Exercise brief | Would you retype the listing below word for word, without any of its pictures?

Material for this task |
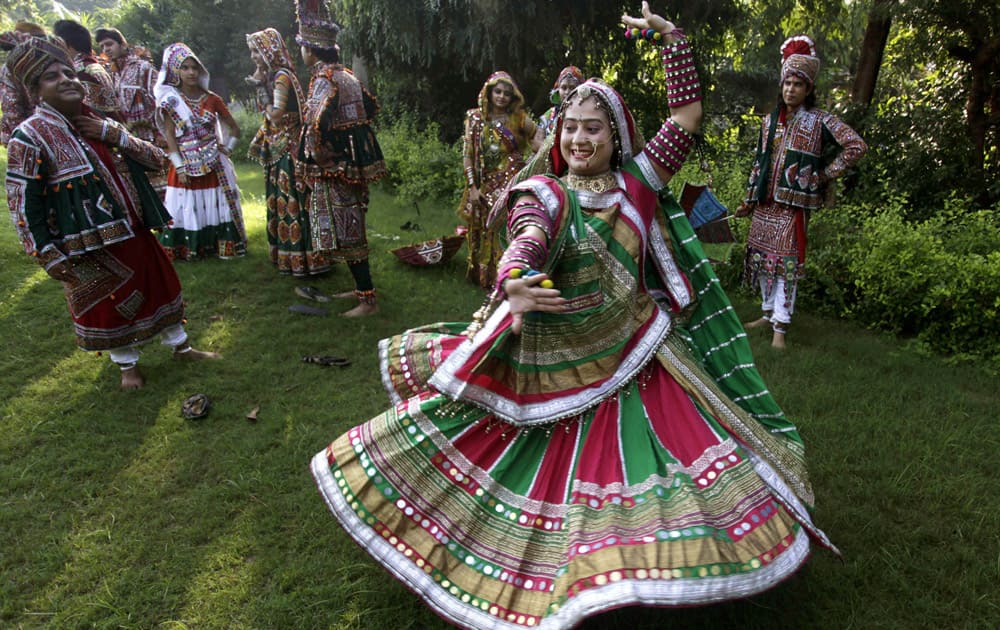 People dressed in traditional attire practice Garba, a form of dance from Gujarat , to celebrate the upcoming festival of Navratri, in Ahmadabad.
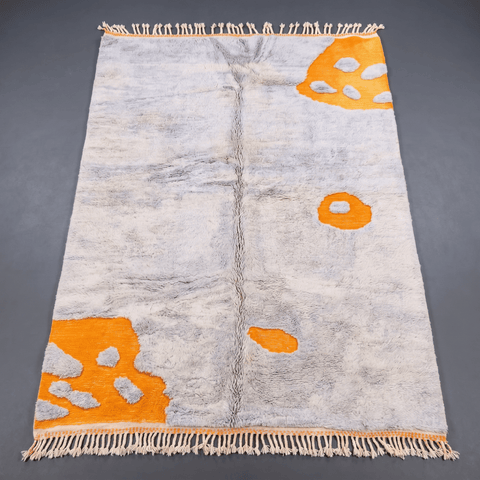 Front view of a light blue Moroccan rug featuring fringe edges on a solid color background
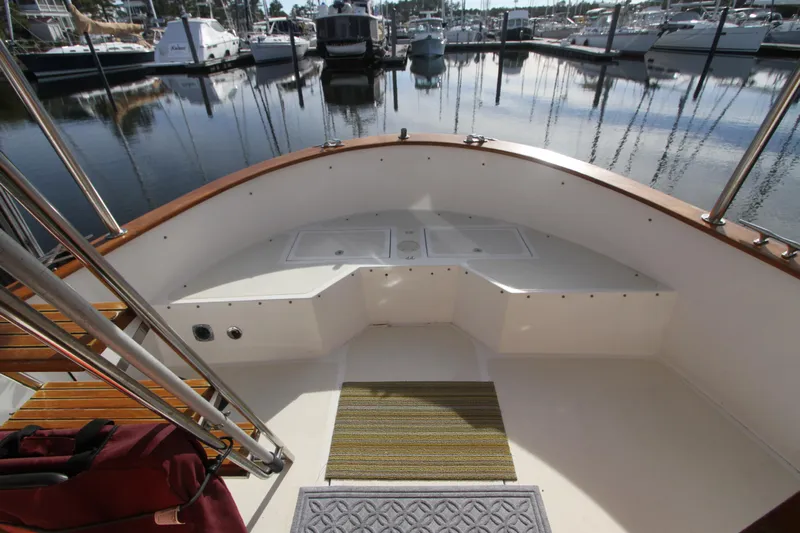 Adria Yacht Photos Pics Willard Marine 40 Flybridge Sedan Trawler, 2000, docked at marina with wooden accents.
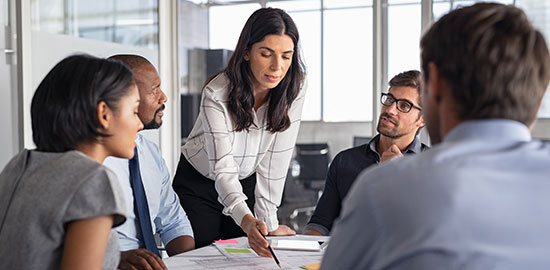 Eine Mitarbeiterin erkl&auml;rt Unterlagen in einem Meeting, w&auml;hrend ein Team aufmerksam zuh&ouml;rt.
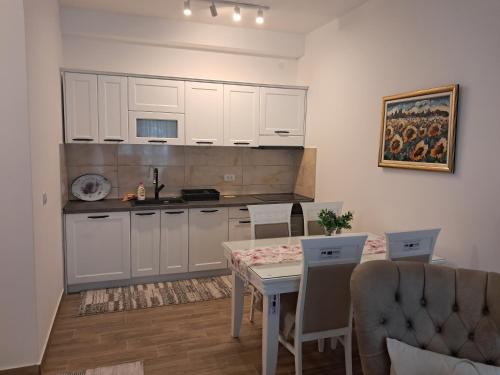 a kitchen with white cabinets and a table with chairs at Ruža Vetrova 4 in Nova Varoš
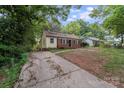 Charming home featuring a combination of brick and vinyl siding at 2214 Grimes St, Charlotte, NC 28206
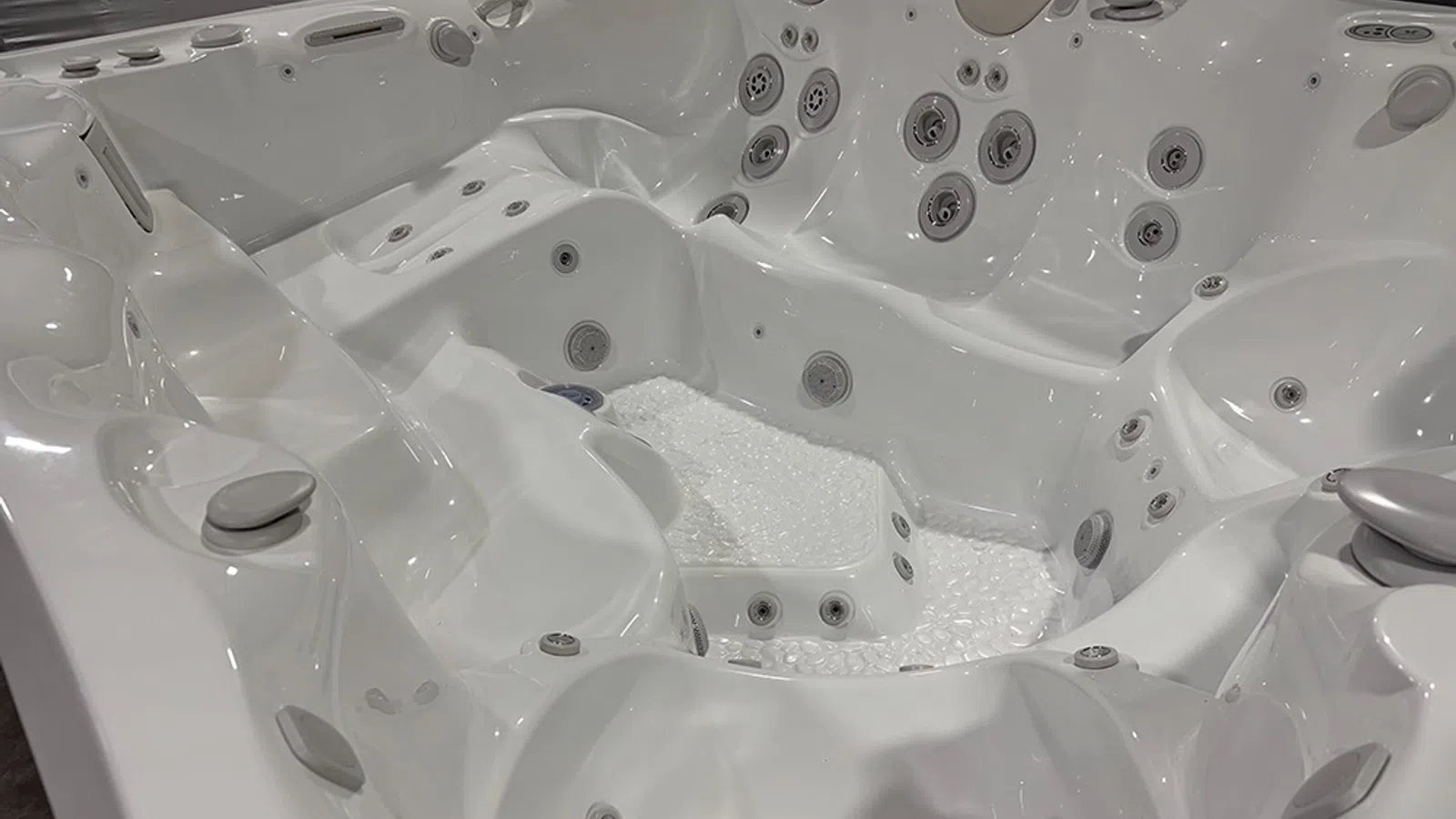 Empty white luxury hot tub with multiple jets and molded seating for relaxation and hydrotherapy.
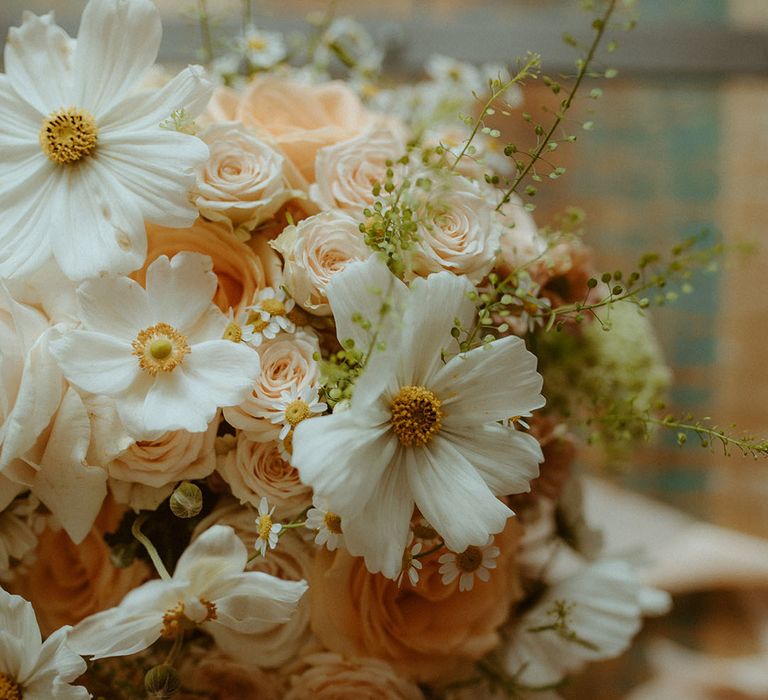 Pink roses, white cosmos and daisies in wedding bouquet 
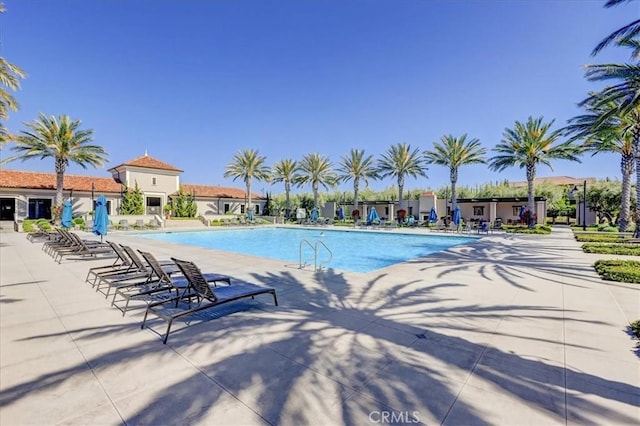 pool with a patio area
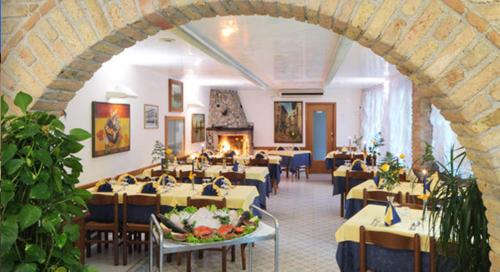 un ristorante con tavoli, sedie e un camino di Stella d'Oro a Marano Lagunare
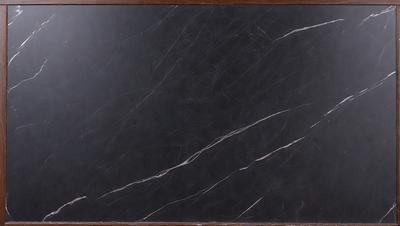 The primary subject of the image is a black marble countertop. The setting is a kitchen, with the countertop being the main focus of the scene. The visual style is a close-up of the marble countertop, showcasing its texture and appearance. The colors and mood of the image are predominantly dark, with the black marble countertop being the most prominent element.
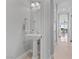 Neutral powder bath including pedestal sink with framed oval mirror at 20 Via Visione # 104, Henderson, NV 89011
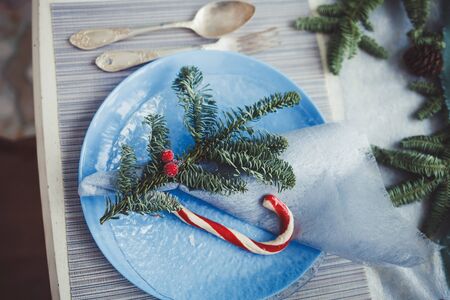 Christmas table setting with vintage dishware. Top view.の写真素材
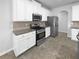 Well-lit kitchen with stainless steel appliances, granite countertops, and ample white cabinetry at 2756 Palmview Sw Ct, Atlanta, GA 30331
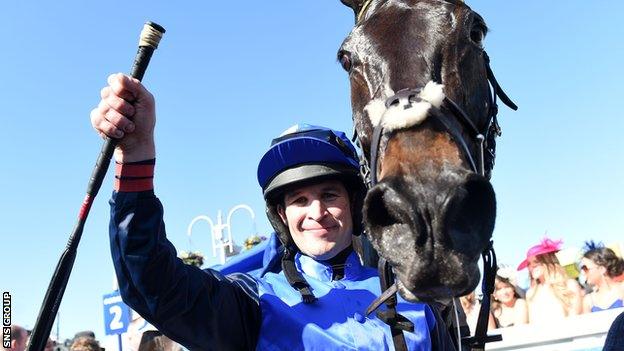 Jockey Robbie Dunne celebrates with winning horse Wayward Prince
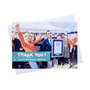an a5 landscape thank you post card with a holding image of someone celebratin their new world record with envelope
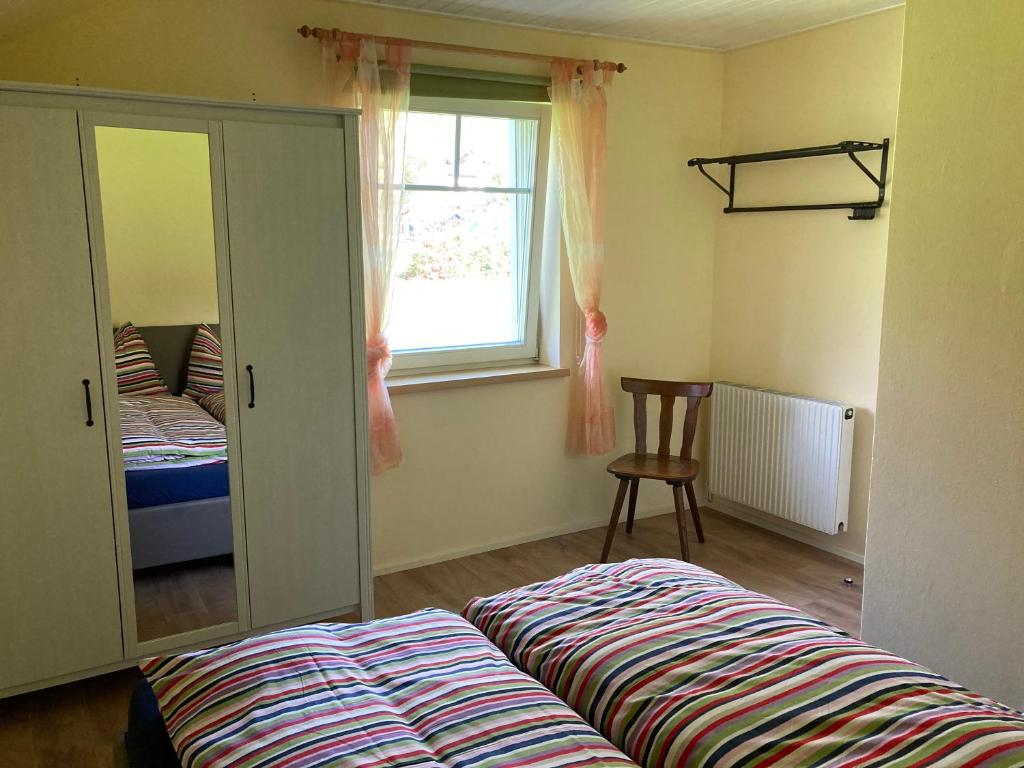 Postel nebo postele na pokoji v ubytování FerienFuchs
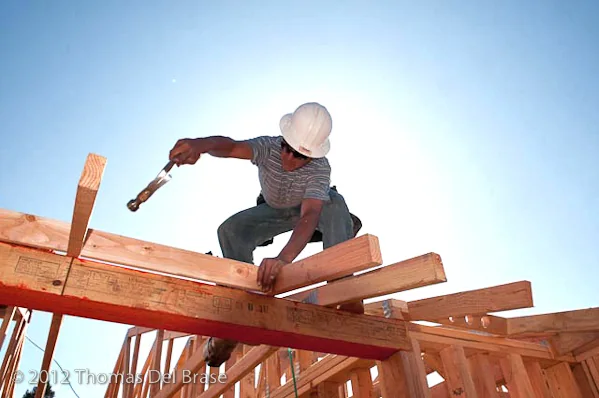 Worker framing Bidwell Park Apartments during construction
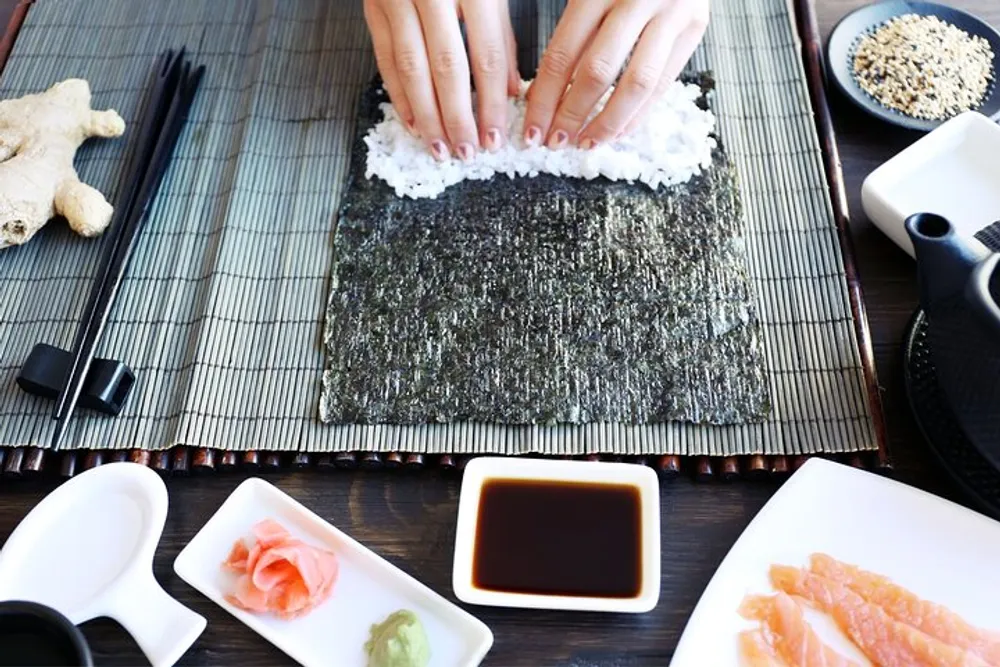 A person is preparing sushi with hands pressing down rice on a sheet of nori alongside various sushi ingredients and condiments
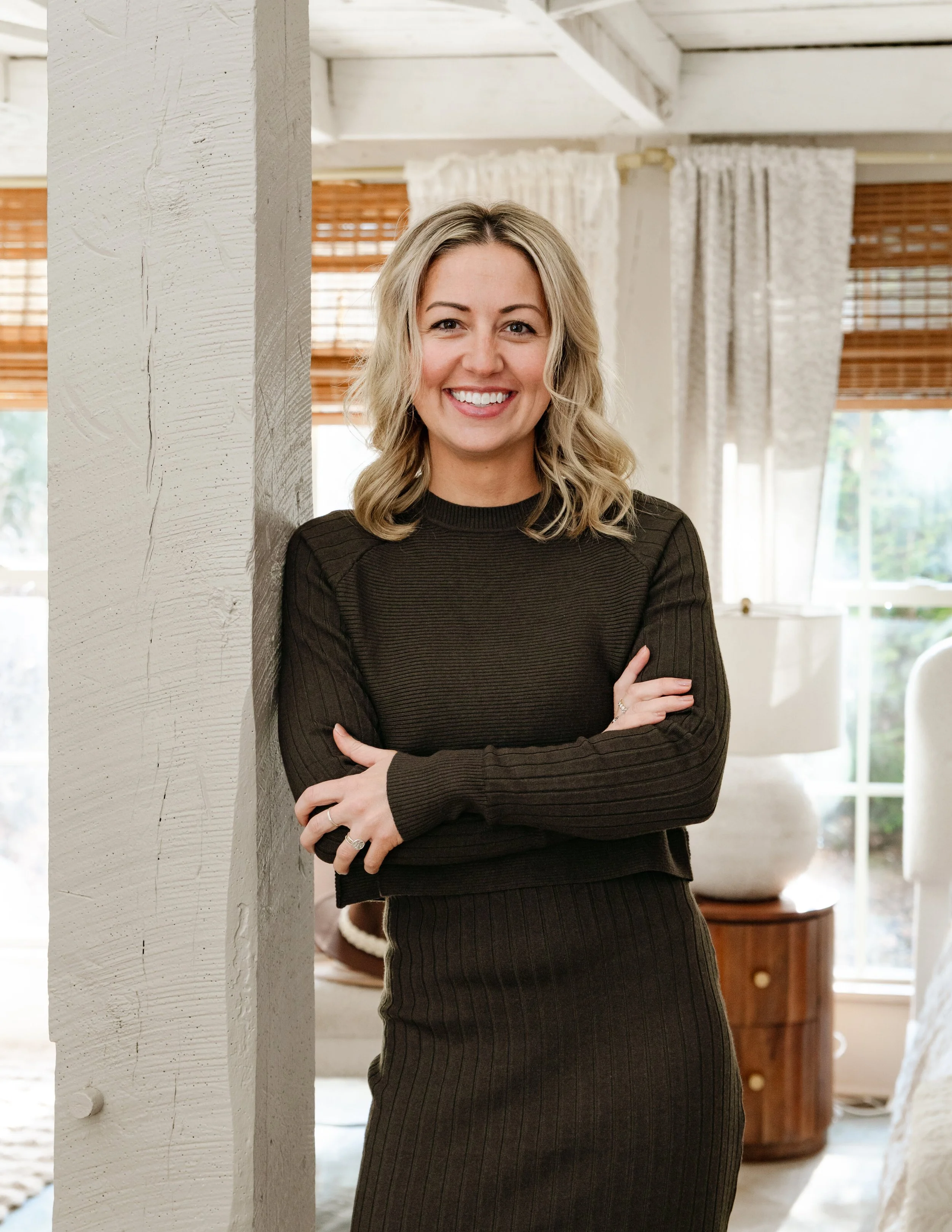 A smiling woman with blonde hair, wearing a black outfit, standing indoors next to a white textured wall with windows, curtains, and wooden blinds in the background.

Solved exercise |
 People dressed in traditional attire practice Garba, a form of dance from Gujarat , to celebrate the upcoming festival of Navratri, in Ahmadabad.
 Front view of a light blue Moroccan rug featuring fringe edges on a solid color background
 Adria Yacht Photos Pics Willard Marine 40 Flybridge Sedan Trawler, 2000, docked at marina with wooden accents.
 Eine Mitarbeiterin erkl&auml;rt Unterlagen in einem Meeting, w&auml;hrend ein Team aufmerksam zuh&ouml;rt.
 a kitchen with white cabinets and a table with chairs at Ruža Vetrova 4 in Nova Varoš
 Charming home featuring a combination of brick and vinyl siding at 2214 Grimes St, Charlotte, NC 28206
 Empty white luxury hot tub with multiple jets and molded seating for relaxation and hydrotherapy.
 Pink roses, white cosmos and daisies in wedding bouquet 
 pool with a patio area
 un ristorante con tavoli, sedie e un camino di Stella d'Oro a Marano Lagunare
 The primary subject of the image is a black marble countertop. The setting is a kitchen, with the countertop being the main focus of the scene. The visual style is a close-up of the marble countertop, showcasing its texture and appearance. The colors and mood of the image are predominantly dark, with the black marble countertop being the most prominent element.
 Neutral powder bath including pedestal sink with framed oval mirror at 20 Via Visione # 104, Henderson, NV 89011
 Christmas table setting with vintage dishware. Top view.の写真素材
 Well-lit kitchen with stainless steel appliances, granite countertops, and ample white cabinetry at 2756 Palmview Sw Ct, Atlanta, GA 30331
 Jockey Robbie Dunne celebrates with winning horse Wayward Prince
an a5 landscape thank you post card with a holding image of someone celebratin their new world record with envelope
 Postel nebo postele na pokoji v ubytování FerienFuchs
 Worker framing Bidwell Park Apartments during construction
 A person is preparing sushi with hands pressing down rice on a sheet of nori alongside various sushi ingredients and condiments
 A smiling woman with blonde hair, wearing a black outfit, standing indoors next to a white textured wall with windows, curtains, and wooden blinds in the background.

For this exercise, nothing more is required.